Biography

I am a first year PhD student under the supervision of Professor Zofia Chrzanowska-Lightowlers and Professor Robert Lightowlers.

I did my bachelor’s degree at the Faculty of Biology, Department of Biochemistry from Bucharest, Romania. Afterwards I did a research master (Molecular Mechanisms of Disease) at Radboud University from Nijmegen, the Netherlands, where I learned more about mitochondria and met patients with mitochondrial disorders. I had the chance to obtain an Erasmus scholarship to do my master thesis in Bordeaux, France, where I worked on degradation of mitochondrial proteins.

I decided to stay in the mitochondria field because I find this organelle simply fascinating. I received a Marie Curie REMIX fellowship that offered me the opportunity to become a PhD student and research the termination step of mitochondria translation in human.
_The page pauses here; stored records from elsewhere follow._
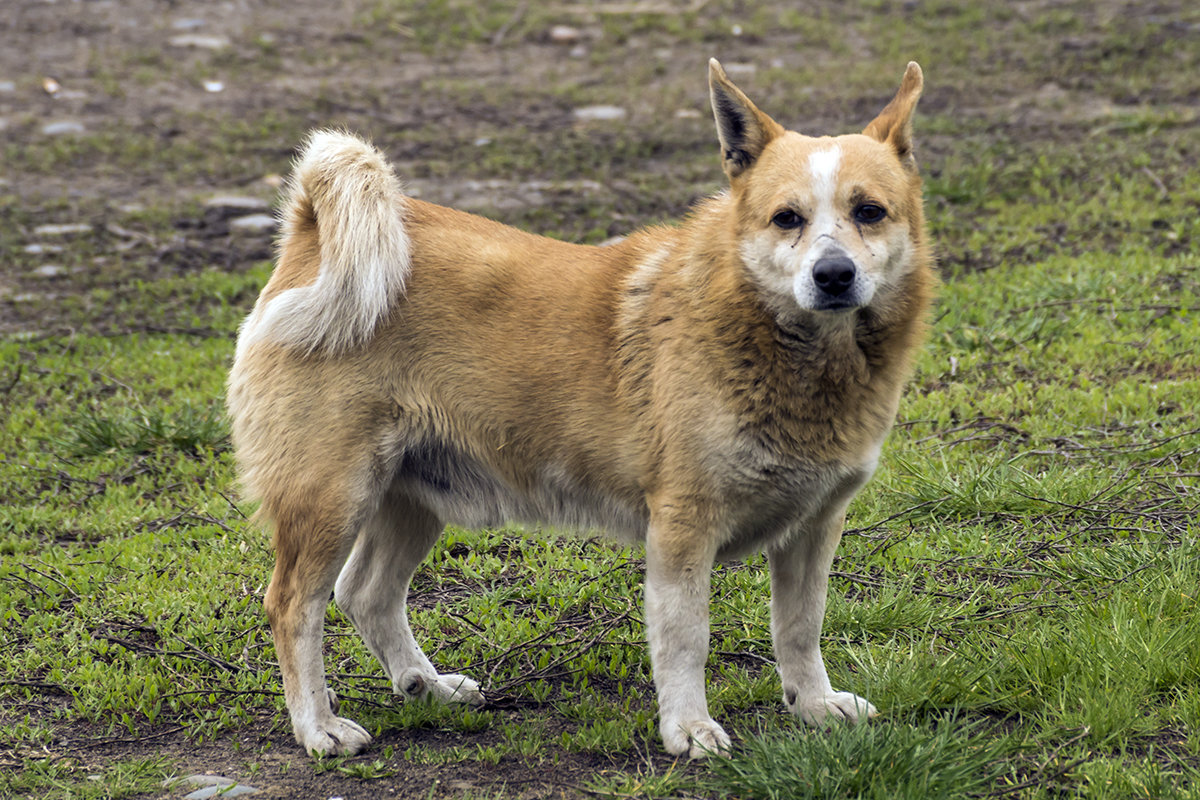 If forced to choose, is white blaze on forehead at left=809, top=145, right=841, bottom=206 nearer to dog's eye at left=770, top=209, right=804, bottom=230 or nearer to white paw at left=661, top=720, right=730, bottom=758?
dog's eye at left=770, top=209, right=804, bottom=230

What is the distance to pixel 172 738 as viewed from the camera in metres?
3.74

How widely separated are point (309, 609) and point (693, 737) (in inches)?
47.8

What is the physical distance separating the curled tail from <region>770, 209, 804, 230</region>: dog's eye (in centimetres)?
116

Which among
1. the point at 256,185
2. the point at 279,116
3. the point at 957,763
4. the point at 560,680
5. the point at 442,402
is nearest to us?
the point at 957,763

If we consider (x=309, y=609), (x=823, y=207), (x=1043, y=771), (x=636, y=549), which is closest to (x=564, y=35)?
(x=636, y=549)

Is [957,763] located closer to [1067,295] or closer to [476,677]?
[476,677]

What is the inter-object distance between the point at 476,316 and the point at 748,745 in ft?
5.05

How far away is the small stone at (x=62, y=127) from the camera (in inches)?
377

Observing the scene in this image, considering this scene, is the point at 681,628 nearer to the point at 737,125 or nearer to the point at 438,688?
the point at 438,688

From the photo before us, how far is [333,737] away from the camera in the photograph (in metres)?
3.59

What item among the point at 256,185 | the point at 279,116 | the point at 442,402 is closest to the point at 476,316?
the point at 442,402

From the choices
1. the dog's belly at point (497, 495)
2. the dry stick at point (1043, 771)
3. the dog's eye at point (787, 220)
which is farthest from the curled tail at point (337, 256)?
the dry stick at point (1043, 771)

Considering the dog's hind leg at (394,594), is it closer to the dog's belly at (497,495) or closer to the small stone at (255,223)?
the dog's belly at (497,495)

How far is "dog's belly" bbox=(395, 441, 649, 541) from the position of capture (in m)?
3.77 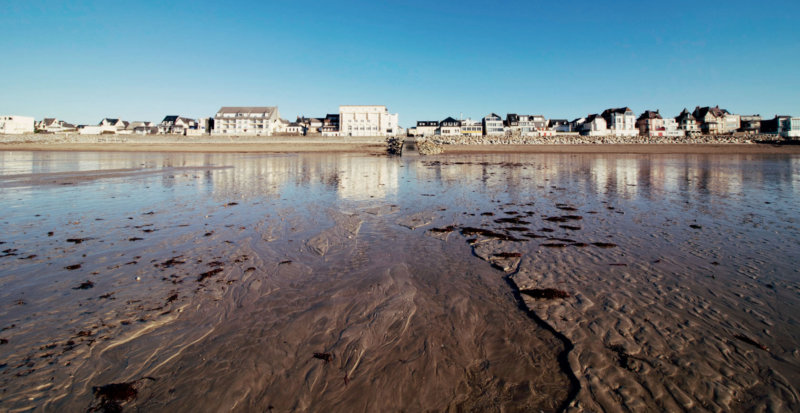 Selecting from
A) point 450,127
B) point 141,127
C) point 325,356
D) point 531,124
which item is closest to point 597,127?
point 531,124

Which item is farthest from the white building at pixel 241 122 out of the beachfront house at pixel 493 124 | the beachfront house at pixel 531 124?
the beachfront house at pixel 531 124

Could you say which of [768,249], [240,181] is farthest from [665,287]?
[240,181]

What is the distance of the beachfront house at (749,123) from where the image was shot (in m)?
95.5

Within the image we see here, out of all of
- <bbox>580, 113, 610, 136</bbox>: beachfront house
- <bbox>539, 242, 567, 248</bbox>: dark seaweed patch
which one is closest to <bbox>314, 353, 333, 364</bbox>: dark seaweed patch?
<bbox>539, 242, 567, 248</bbox>: dark seaweed patch

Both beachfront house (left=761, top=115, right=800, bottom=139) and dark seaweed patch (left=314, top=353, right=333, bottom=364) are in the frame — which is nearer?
dark seaweed patch (left=314, top=353, right=333, bottom=364)

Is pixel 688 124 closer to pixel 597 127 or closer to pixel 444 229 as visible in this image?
pixel 597 127

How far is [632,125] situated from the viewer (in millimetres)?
93938

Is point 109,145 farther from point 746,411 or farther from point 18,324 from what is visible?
point 746,411

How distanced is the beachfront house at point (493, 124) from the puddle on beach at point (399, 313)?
93531mm

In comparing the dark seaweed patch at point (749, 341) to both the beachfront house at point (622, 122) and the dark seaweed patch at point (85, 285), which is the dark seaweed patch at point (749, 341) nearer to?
the dark seaweed patch at point (85, 285)

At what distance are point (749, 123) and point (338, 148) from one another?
11859cm

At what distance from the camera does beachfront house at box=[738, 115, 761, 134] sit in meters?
95.5

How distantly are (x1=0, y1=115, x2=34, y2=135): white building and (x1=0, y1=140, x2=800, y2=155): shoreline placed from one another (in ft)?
138

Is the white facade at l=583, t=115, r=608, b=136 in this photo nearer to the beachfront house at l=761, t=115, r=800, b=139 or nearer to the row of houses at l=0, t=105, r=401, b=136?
the beachfront house at l=761, t=115, r=800, b=139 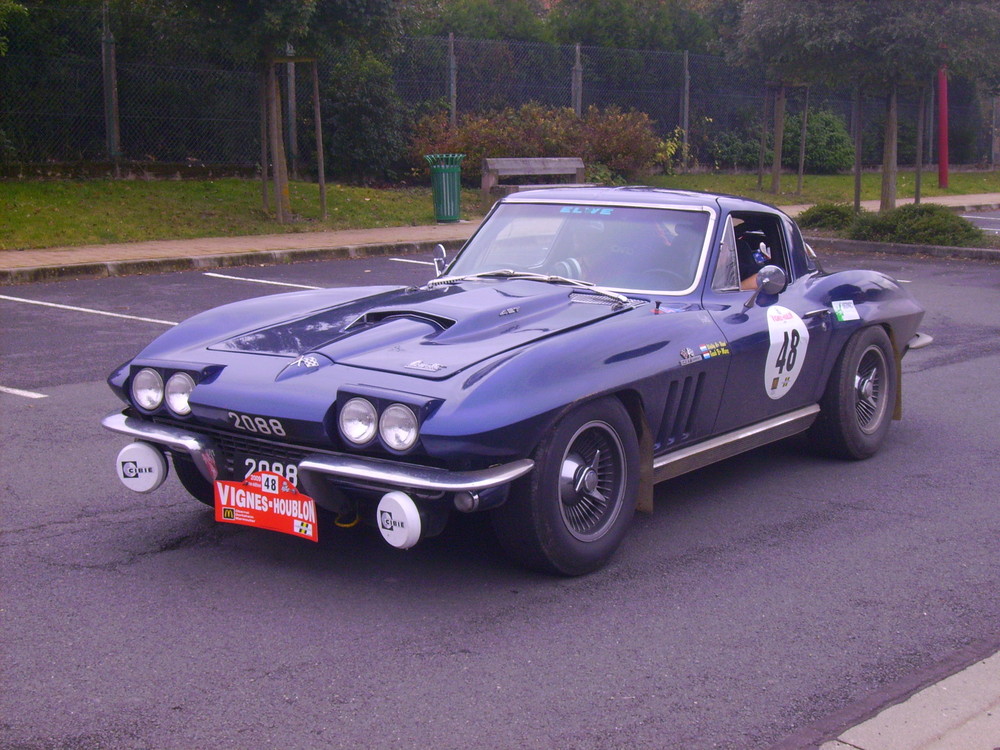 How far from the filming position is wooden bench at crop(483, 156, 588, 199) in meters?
20.5

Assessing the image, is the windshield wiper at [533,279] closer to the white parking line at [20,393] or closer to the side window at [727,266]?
the side window at [727,266]

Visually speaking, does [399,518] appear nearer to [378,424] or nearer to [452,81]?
[378,424]

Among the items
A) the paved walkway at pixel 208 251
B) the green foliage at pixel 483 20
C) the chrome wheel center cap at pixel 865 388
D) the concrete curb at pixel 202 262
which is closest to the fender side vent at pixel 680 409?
the chrome wheel center cap at pixel 865 388

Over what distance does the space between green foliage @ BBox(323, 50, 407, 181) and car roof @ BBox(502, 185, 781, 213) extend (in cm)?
1551

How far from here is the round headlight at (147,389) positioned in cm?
448

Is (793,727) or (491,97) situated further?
(491,97)

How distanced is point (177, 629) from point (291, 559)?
721 mm

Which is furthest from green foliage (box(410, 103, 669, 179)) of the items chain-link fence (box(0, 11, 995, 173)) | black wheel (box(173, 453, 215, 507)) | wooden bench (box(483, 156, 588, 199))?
black wheel (box(173, 453, 215, 507))

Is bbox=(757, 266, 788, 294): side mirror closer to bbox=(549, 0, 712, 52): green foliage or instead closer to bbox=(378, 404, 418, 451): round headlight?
bbox=(378, 404, 418, 451): round headlight

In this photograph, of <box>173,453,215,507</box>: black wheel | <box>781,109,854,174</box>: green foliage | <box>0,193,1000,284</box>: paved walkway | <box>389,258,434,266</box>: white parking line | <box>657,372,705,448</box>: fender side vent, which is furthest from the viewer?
<box>781,109,854,174</box>: green foliage

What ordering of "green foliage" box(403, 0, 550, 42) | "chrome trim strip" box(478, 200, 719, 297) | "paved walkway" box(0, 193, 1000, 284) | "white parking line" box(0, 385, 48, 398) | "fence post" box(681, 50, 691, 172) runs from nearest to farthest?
"chrome trim strip" box(478, 200, 719, 297), "white parking line" box(0, 385, 48, 398), "paved walkway" box(0, 193, 1000, 284), "green foliage" box(403, 0, 550, 42), "fence post" box(681, 50, 691, 172)

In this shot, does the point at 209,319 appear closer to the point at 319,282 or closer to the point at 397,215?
the point at 319,282

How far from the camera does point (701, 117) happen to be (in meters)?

Research Project: Characterization of the quality control mechanisms that operate in human mitochondrial protein synthesis

Principal Investigators: Professor Zofia Chrzanowska-Lightowlers, and Professor Robert Lightowlers

Project Details

Translation release factors are essential for protein synthesis. They ensure that when the ribosome encounters a stop codon the synthesised polypeptide is released from tRNA (peptidyl-tRNA hydrolysis) and translation terminates. In mitochondria there have been identified four translation termination factors: mtRF1, mtRF1a, C12orf65 and ICT1. They are all essential for cell survival, but only mtRF1a was proven to decode the stop codons UAA and UAG (UGA encodes for tryptophane in mitochondria). The functions of the other three remain mysterious and intriguing. The aim of this project is to unveil their role. We would like to understand which is their target mRNA and how they interact with the mitoribosome.